**Available data:**
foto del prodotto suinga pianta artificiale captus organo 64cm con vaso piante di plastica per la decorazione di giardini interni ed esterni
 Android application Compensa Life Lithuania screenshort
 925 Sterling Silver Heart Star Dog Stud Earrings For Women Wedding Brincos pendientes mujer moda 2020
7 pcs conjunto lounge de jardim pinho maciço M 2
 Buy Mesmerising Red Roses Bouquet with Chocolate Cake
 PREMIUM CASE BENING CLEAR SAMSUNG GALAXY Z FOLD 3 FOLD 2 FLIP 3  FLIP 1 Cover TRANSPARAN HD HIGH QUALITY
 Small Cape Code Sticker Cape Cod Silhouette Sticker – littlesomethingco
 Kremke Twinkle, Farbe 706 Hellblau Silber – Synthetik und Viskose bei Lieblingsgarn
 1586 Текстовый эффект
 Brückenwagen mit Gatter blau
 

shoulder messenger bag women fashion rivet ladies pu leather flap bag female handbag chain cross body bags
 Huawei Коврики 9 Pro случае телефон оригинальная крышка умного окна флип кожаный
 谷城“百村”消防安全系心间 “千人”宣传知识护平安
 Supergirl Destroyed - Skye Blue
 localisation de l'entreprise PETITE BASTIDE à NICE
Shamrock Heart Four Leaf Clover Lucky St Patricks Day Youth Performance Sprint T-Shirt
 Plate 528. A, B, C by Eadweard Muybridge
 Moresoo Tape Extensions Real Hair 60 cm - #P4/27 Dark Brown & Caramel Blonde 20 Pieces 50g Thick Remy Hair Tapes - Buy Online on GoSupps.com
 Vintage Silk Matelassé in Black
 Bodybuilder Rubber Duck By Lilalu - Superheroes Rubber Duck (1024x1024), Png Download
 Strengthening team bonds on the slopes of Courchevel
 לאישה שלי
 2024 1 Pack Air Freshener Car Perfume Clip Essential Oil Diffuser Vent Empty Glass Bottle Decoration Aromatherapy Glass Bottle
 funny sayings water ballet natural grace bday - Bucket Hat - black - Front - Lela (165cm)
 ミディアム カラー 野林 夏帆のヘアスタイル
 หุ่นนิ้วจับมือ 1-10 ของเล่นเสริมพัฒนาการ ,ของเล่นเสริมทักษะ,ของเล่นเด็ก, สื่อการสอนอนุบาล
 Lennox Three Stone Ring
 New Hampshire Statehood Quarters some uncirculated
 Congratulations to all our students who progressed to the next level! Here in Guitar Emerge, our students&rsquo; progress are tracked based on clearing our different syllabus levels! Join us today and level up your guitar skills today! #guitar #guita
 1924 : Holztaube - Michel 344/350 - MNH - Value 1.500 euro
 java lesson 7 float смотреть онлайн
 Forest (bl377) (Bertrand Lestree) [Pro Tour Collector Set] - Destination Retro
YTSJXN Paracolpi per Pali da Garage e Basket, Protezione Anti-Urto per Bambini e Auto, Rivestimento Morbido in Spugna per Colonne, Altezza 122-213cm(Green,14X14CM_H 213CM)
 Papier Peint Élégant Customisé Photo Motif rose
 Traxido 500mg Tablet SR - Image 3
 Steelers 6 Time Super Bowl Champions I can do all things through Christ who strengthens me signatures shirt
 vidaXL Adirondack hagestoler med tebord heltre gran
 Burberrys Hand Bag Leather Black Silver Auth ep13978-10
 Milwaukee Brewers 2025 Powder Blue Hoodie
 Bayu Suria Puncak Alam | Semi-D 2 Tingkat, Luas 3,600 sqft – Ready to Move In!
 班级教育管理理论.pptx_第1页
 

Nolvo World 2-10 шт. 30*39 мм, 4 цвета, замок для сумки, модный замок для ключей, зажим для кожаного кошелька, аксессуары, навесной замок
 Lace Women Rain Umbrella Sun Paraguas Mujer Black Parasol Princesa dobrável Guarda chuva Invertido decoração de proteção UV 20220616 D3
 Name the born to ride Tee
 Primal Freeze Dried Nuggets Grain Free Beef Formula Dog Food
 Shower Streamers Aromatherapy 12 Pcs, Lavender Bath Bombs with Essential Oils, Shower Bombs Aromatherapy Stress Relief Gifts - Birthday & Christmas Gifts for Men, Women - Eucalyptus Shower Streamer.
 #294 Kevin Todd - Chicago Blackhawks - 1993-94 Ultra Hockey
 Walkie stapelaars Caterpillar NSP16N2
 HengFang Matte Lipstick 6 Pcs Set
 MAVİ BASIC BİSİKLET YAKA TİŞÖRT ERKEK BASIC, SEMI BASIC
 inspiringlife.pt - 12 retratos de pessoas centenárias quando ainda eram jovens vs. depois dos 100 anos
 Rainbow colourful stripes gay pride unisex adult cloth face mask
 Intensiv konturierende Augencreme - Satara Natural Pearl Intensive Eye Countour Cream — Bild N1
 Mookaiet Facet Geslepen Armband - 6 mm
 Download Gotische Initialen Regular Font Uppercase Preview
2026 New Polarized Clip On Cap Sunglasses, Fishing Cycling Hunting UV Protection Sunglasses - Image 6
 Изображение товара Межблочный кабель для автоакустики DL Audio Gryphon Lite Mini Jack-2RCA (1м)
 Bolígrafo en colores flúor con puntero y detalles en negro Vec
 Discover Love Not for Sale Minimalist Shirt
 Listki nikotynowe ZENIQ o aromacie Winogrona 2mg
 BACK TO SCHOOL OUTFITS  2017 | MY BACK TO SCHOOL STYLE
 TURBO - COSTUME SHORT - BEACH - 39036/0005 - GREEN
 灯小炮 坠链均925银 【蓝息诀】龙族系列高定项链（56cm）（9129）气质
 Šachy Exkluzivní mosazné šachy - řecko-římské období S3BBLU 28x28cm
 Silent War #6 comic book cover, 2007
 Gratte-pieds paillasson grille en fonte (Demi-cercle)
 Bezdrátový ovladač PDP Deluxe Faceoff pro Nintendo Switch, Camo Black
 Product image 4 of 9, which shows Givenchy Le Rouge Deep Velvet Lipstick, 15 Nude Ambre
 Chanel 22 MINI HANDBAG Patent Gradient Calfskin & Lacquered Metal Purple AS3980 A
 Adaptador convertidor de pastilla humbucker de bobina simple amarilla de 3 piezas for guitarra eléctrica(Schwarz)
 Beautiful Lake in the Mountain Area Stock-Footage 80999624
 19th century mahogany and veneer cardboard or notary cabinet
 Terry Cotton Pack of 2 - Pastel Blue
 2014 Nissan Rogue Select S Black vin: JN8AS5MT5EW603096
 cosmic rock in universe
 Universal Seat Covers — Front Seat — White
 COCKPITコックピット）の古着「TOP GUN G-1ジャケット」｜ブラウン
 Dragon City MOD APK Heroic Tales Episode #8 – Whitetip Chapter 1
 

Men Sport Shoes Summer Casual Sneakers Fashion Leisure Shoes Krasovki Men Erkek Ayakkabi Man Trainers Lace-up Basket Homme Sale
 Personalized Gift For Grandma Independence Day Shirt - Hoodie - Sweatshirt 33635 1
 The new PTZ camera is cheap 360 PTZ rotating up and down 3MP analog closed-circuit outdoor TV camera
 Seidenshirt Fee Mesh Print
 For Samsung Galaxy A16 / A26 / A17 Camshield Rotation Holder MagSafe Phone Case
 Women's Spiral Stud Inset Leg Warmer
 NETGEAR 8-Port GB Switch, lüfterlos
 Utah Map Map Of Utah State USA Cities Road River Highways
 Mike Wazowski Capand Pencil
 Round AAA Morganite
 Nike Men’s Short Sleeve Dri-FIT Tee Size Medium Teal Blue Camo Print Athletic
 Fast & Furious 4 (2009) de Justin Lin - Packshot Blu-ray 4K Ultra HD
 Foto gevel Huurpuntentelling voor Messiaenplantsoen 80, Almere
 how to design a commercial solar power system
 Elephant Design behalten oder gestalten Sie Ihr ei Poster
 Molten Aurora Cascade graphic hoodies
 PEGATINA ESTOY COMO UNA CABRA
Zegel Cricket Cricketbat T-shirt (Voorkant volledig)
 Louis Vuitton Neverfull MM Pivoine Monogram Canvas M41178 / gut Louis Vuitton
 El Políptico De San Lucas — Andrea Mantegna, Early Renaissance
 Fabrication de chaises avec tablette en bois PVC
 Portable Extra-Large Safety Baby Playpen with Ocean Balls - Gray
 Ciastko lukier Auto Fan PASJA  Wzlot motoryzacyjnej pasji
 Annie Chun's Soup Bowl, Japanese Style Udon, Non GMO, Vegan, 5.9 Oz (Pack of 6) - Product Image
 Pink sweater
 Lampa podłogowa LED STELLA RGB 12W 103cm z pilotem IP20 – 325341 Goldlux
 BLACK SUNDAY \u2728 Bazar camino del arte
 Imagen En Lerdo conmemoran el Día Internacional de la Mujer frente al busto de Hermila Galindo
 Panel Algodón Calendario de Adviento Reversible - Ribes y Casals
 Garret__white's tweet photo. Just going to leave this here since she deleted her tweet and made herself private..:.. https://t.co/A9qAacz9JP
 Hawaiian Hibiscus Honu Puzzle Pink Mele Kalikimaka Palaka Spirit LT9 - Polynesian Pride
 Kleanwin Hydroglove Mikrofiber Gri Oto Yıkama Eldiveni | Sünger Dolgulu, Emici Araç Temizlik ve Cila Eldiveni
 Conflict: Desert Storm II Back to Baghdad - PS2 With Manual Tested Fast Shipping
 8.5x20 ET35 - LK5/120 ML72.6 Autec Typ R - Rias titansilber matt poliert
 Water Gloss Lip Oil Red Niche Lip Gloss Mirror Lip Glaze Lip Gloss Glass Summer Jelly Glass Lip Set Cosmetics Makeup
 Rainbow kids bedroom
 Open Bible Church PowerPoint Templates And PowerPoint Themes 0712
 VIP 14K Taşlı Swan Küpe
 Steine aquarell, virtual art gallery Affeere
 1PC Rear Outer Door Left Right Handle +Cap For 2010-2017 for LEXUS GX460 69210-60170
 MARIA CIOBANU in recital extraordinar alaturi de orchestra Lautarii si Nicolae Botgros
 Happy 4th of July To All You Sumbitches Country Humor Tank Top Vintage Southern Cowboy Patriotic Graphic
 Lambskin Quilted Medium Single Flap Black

**Problem:** Look above for the line containing "Women's Spiral Stud Inset Leg Warmer". Output from there through the line containing "Round AAA Morganite", exactly and inclusively.

**Solution to the problem:**
 Women's Spiral Stud Inset Leg Warmer
 NETGEAR 8-Port GB Switch, lüfterlos
 Utah Map Map Of Utah State USA Cities Road River Highways
 Mike Wazowski Capand Pencil
 Round AAA Morganite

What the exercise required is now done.